Behnken and Hurley: The First Crew to Travel in a Privately Made Capsule

murat esibatir/Pexels
murat esibatir/Pexels

30 May 2020 witnessed a historic moment when SpaceX’s space capsule, Crew Dragon, carrying astronauts Doug Hurley and Bob Behnken docked at the International Space Station (ISS). They returned on 2 August 2020 and became the first astronauts to do a space expedition in a space capsule developed by a private manufacturer.

While explaining the atmospheric entry of Crew Dragon, the astronaut duo said that the space vehicle came “alive”, and it vibrated and shook. “I did record some audio of it, but it doesn’t sound like a machine.

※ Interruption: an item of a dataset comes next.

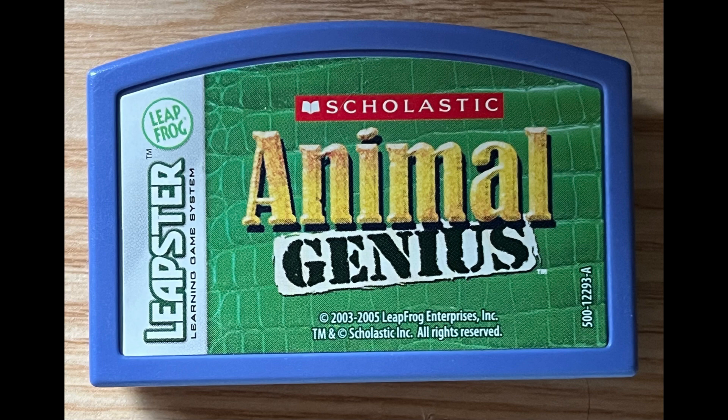Baby deer have white spots that disappear when they get older. Raccoons eat lots of things in the forest, like these crunchy nuts. Use your pen to choose the first place you want to look.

It sounds like an animal coming through the atmosphere with all the puffs that are happening from the thrusters and the atmospheric noise,” Behnken said during a virtual press conference held post-landing.

“The atmosphere starts to make noise, you can hear that rumble outside the vehicle and as the vehicle tries to control, you feel a little bit of that shimmy in your body.”

Behnken explained that the sensation while riding down was “very much like getting hit in the back of the chair with a baseball bat, you know, just a crack”.

The space capsule undocked from the Space Station on Saturday, 1 August 2020, two months after they landed at the ISS. It plummeted through the earth’s atmosphere, gaining magnitude as it descended and plopped down in the Gulf of Mexico on Sunday, 2 August 2020.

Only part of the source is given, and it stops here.